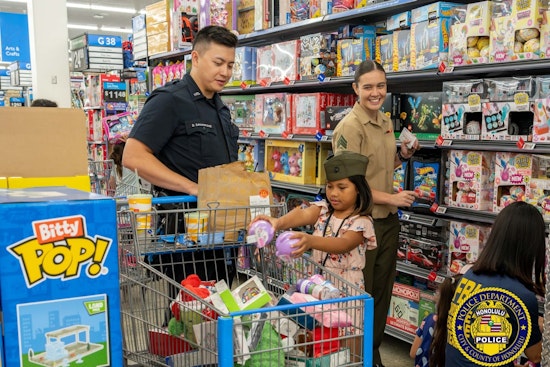Waipahu's Walmart Transforms into Festive Haven as Honolulu Police and Community Unite for Holiday Celebration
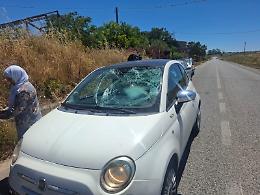 Inseguito dai randagi fugge e si scontra con un'auto, grave incidente ad Acate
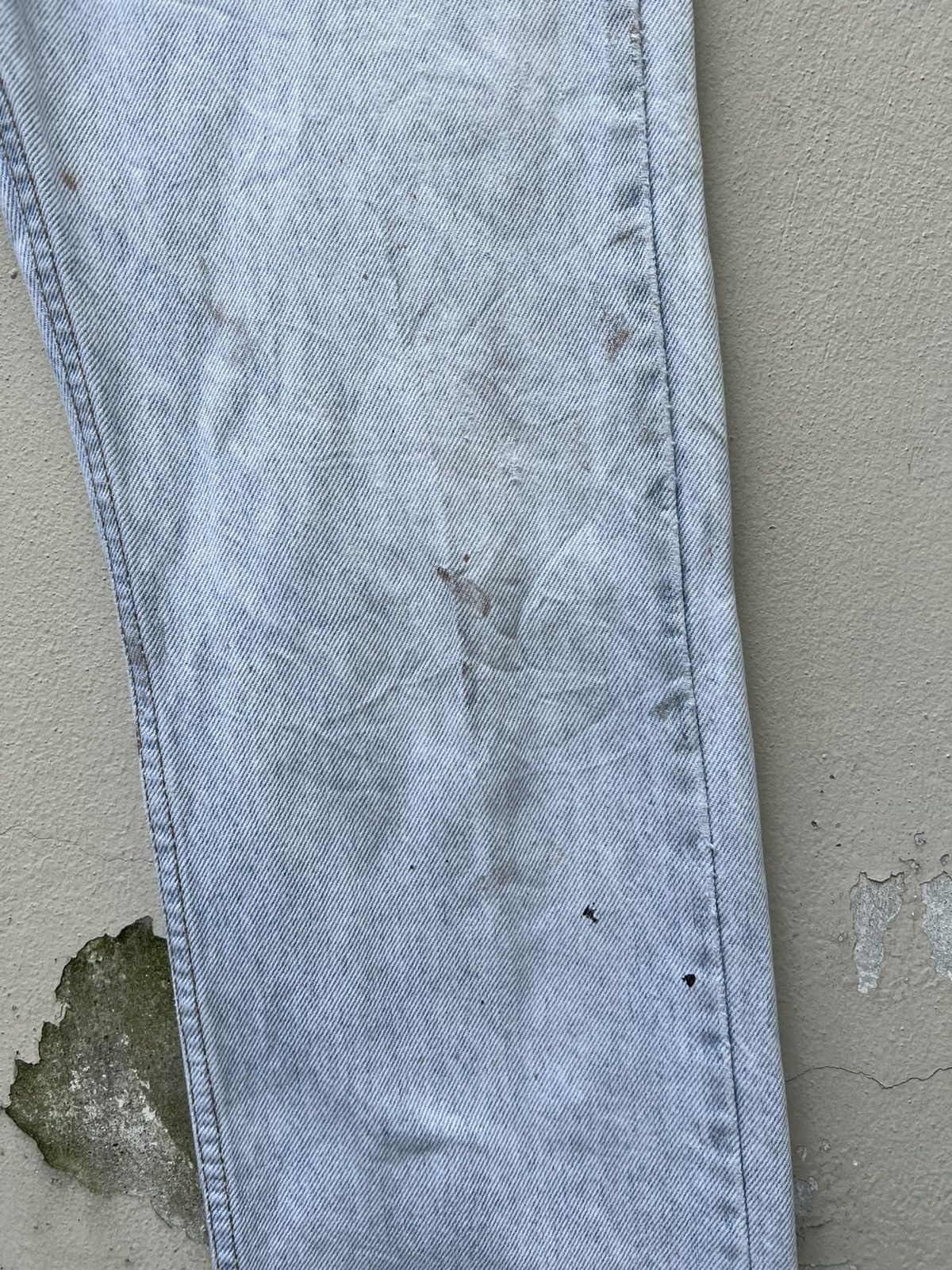 Levi's × Needles × Vintage Vintage 1996 Levi’s 505 Fade Light Blue Stains Denim Jeans Size US 30 / EU 46 - 15 Thumbnail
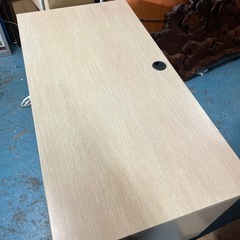 オフィスデスク　作業机　の画像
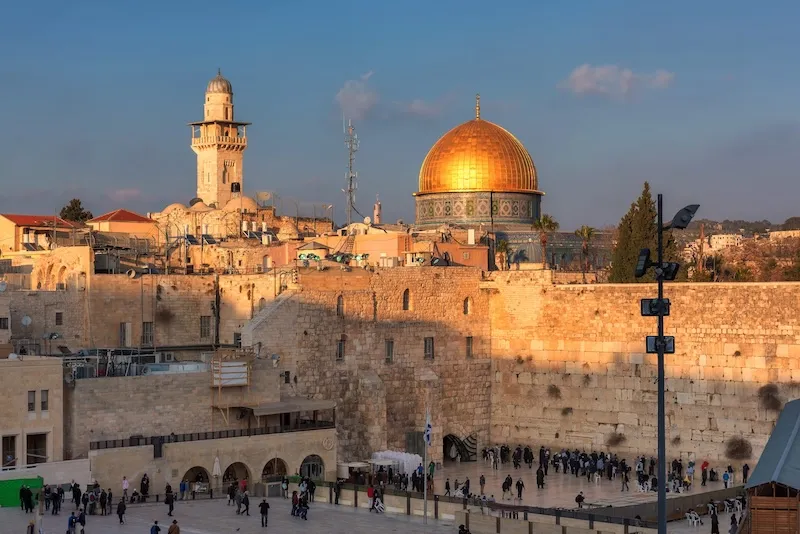 Bức tường than khóc linh thiêng của dân tộc Do Thái tại Jerusalem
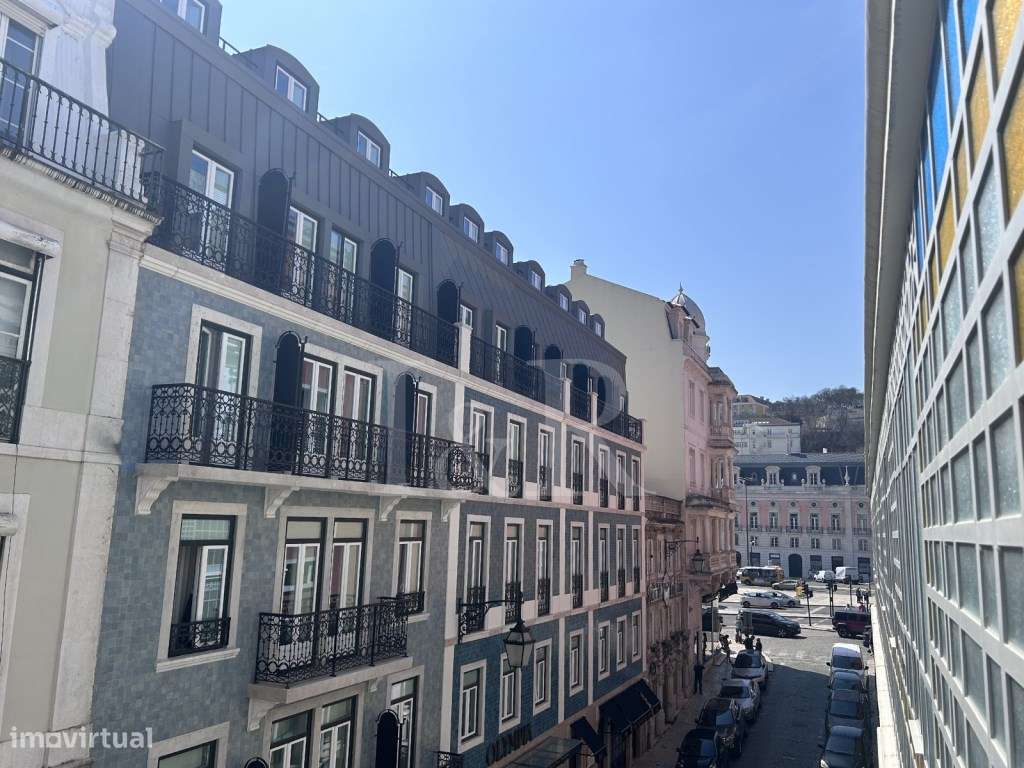 Apartamento T2 com varanda fechada e estacionamento junto à Av. Lib...-20
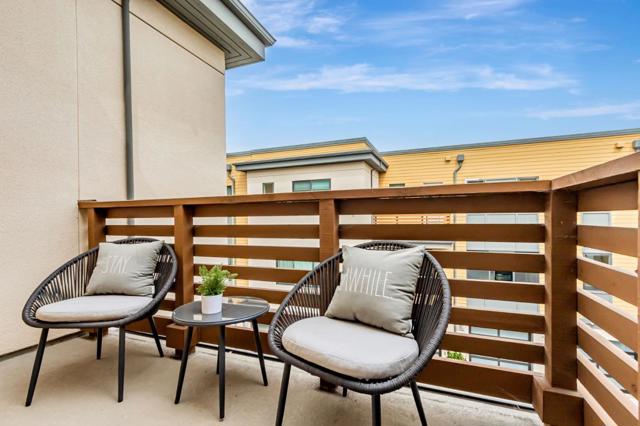 16009 Bartlett Court, Los Gatos CA: https://media.crmls.org/mediaz/7f1f1e3e-195e-4f0b-9c9b-df1cbe97cf92.jpg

============================================================

WHAT IS REQUIRED:
Copy the lines above exactly, starting at the one with "Inseguito dai randagi" and ending at the one with "Bức tường than", both included. Leave out any pictures and add nothing else.

TASK OUTPUT:
 Inseguito dai randagi fugge e si scontra con un'auto, grave incidente ad Acate
 Levi's × Needles × Vintage Vintage 1996 Levi’s 505 Fade Light Blue Stains Denim Jeans Size US 30 / EU 46 - 15 Thumbnail
 オフィスデスク　作業机　の画像
 Bức tường than khóc linh thiêng của dân tộc Do Thái tại Jerusalem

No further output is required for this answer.